12. In this context, the publication said that the article referenced a number of high-profile cases in which allegations of sexual abuse made over many years, against public figures, could not have been reported were laws such as the new Northern Irish law in place at the time. Such cases included the cases against – Lord Janner who, it said, had been charged with 22 offences at the time of his death and had passed away before he could be tried. This was the point of the article, it said; that accusations like those against Lord Janner would not be properly investigated or reported under the proposed legislation. It also added that the article did not say Lord Janner was convicted or tried for sexual offences – and that it would take a “considerable leap for a reasonable reader” to make this assumption from the context of the article.

13. The publication did not accept that Clause 4 was engaged by the complainant’s concerns. It noted that Lord Janner died in 2015, and that the claims against him had been widely reported in his later years and following his passing. It added that the claims had been subject to official inquiries, which was a matter of public record in of themselves. It argued, therefore, that reporting these claims was a legitimate subject for public comment and debate.

14. In response, the complainant maintained that the article had breached Clause 1. He said that the fact the article was short, and a comment piece, was irrelevant, and that the article should have prefaced the sentence with the word “alleged”; being charged with an offence does not, he said, equate to being convicted.

15. Further, the complainant added that all civil proceedings in the High Court had collapsed due to the cases being withdrawn, and that his late father was “falsely accused” by several individuals, all of whom he said had “serious criminal records”.

Relevant Clause Provisions

Clause 1 (Accuracy)

i) The Press must take care not to publish inaccurate, misleading or distorted information or images, including headlines not supported by the text.

ii) A significant inaccuracy, misleading statement or distortion must be corrected, promptly and with due prominence, and — where appropriate — an apology published. In cases involving IPSO, due prominence should be as required by the regulator.

iii) A fair opportunity to reply to significant inaccuracies should be given, when reasonably called for.

iv) The Press, while free to editorialise and campaign, must distinguish clearly between comment, conjecture and fact.

Clause 4 (Intrusion into grief or shock)

In cases involving personal grief or shock, enquiries and approaches must be made with sympathy and discretion and publication handled sensitively. These provisions should not restrict the right to report legal proceedings.

Findings of the Committee

16. The Committee understood that the article had caused a great deal of distress to the complainant and his family, but wished to be clear from the outset that its role was to consider whether the publication had breached the Editors’ Code. It would not, and could not, rule on the truth of the allegations against the complainant’s father; rather, its role was to decide whether the article had included inaccurate, misleading, or distorted information, and whether publication had been handled sensitively.

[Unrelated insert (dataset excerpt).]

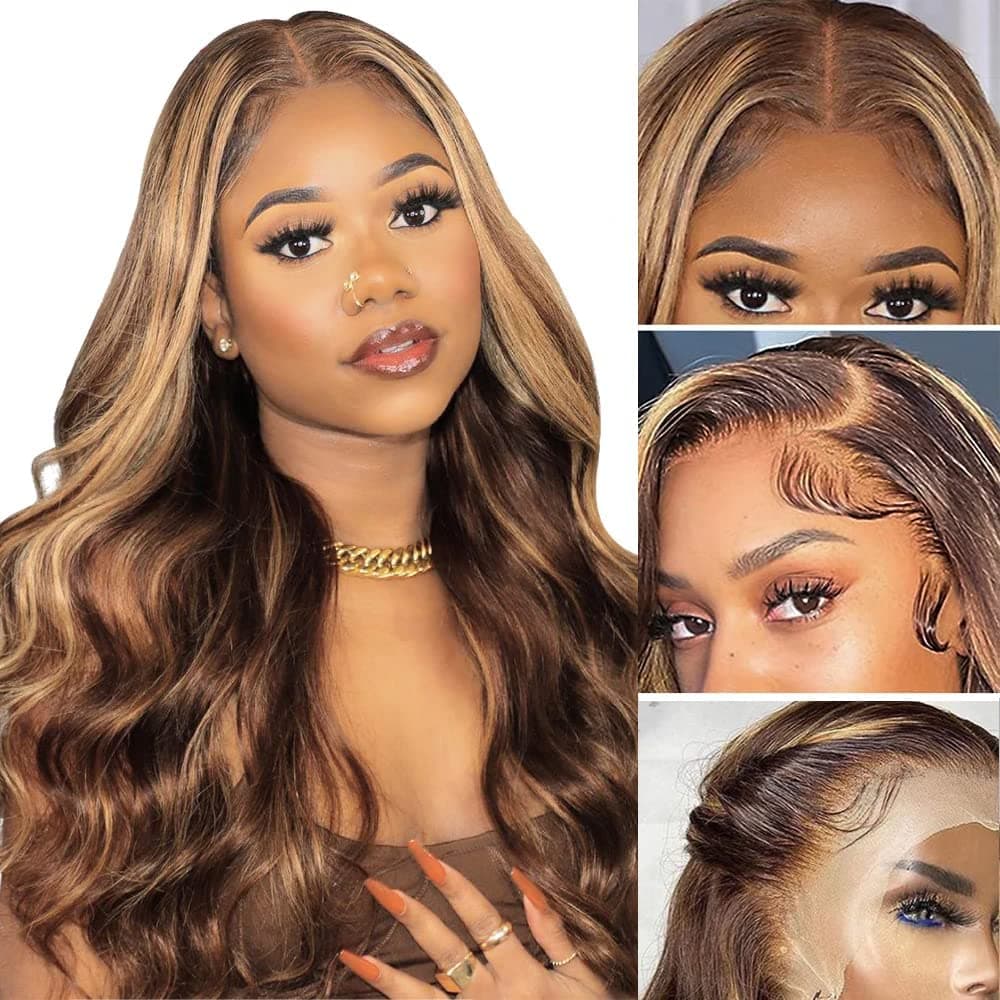 Highlight 13x4 HD Transparent Lace Front Wigs Human Hair P4/27 Color Ombre Body Wave Lace Frontal Wigs For Women Honey Blonde Frontal Wig 180% Density Pre Plucked Realistic Looking Super Soft 20inch
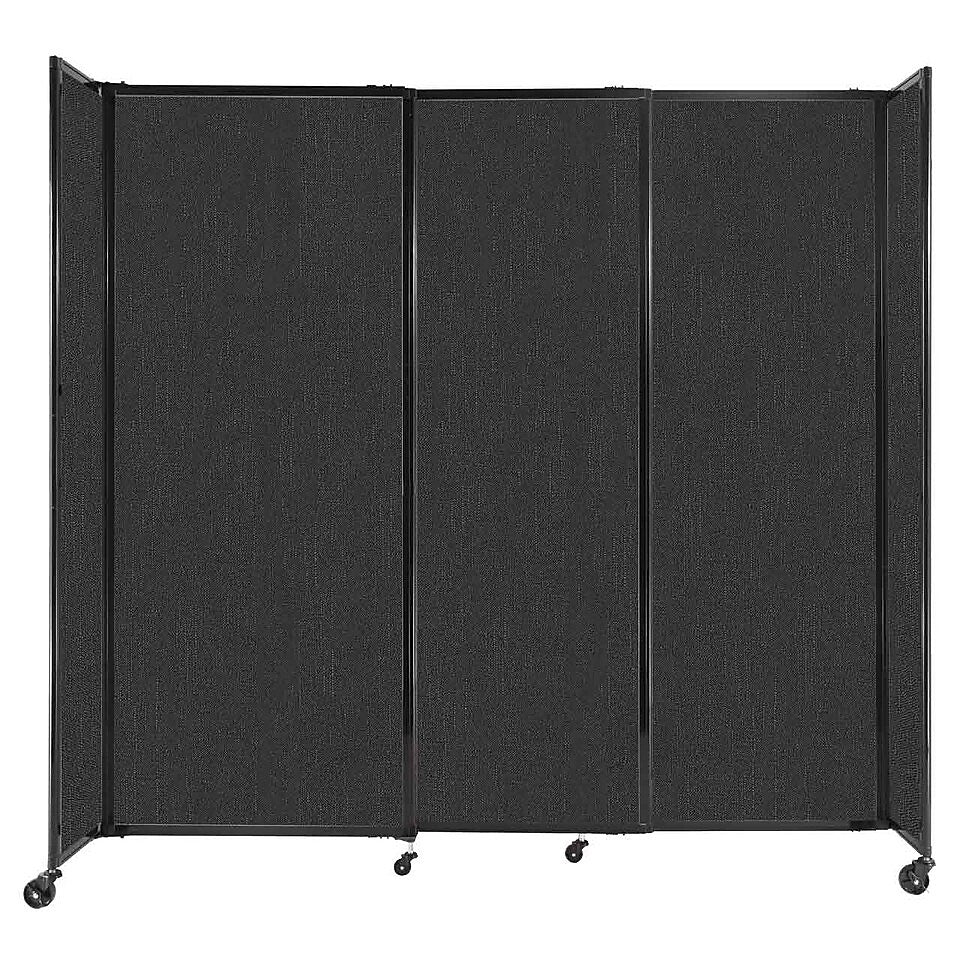 Versare ShieldWall Folding Mobile Room Divider, 82"H x 86"W, Black Fabric (DS1911002-1)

17. In making its decision, the Committee was mindful of the context of the article: It was a comment piece, which reported the author’s personal view on legislation introduced in Northern Ireland. This was made clear from the outset of the article – the headline stated: “Anonymity law for sex crime suspects must be repealed”, and the article opened by discussing claims made against Jimmy Saville. In this context, the Committee noted the publication’s argument that, where it referenced Lord Janner, the article was reporting the author’s personal view on difficulties that he considered would be had in investigating individuals subject to allegations of sexual offences, as Lord Janner was.

18. The fact that an alleged inaccuracy appears in a comment piece does not absolve a publication of its obligations under Clause 1, however. The Committee recognised that, at the time of this death, Lord Janner had faced allegations that he had committed a number of sexual offences against several complainants. It also recognised that claims against Lord Janner had been investigated by the Independent Inquiry into Child Sexual Abuse. Nevertheless, it was not in dispute that Lord Janner had not, ultimately, ever been found to have committed the sex offences for which he was charged. In the Committee’s view, the statement under complaint – “Greville Janner […] as well as many other unconvicted sex offenders” – could be interpreted to mean that it was an accepted fact that Lord Janner was a sex offender. Where Lord Janner had not been convicted for such an offence, and there was no official finding either by an inquiry, a criminal court, or a civil court that he had committed such an offence, the Committee considered that the publication did not have a sufficient basis for referring to him in this manner. This therefore constituted inaccurate and misleading information, and the publication had failed to take due care over the accuracy of the article on this point. There was a breach of Clause 1(i).

19. The Committee next considered whether the inaccuracy was so significant as to warrant correction under the terms of Clause 1 (ii). The Committee had regard for the inherently serious nature of an allegation that an individual is, or was, a “sex offender”. The article was therefore significantly inaccurate in a manner that required correction in accordance with Clause 1(ii).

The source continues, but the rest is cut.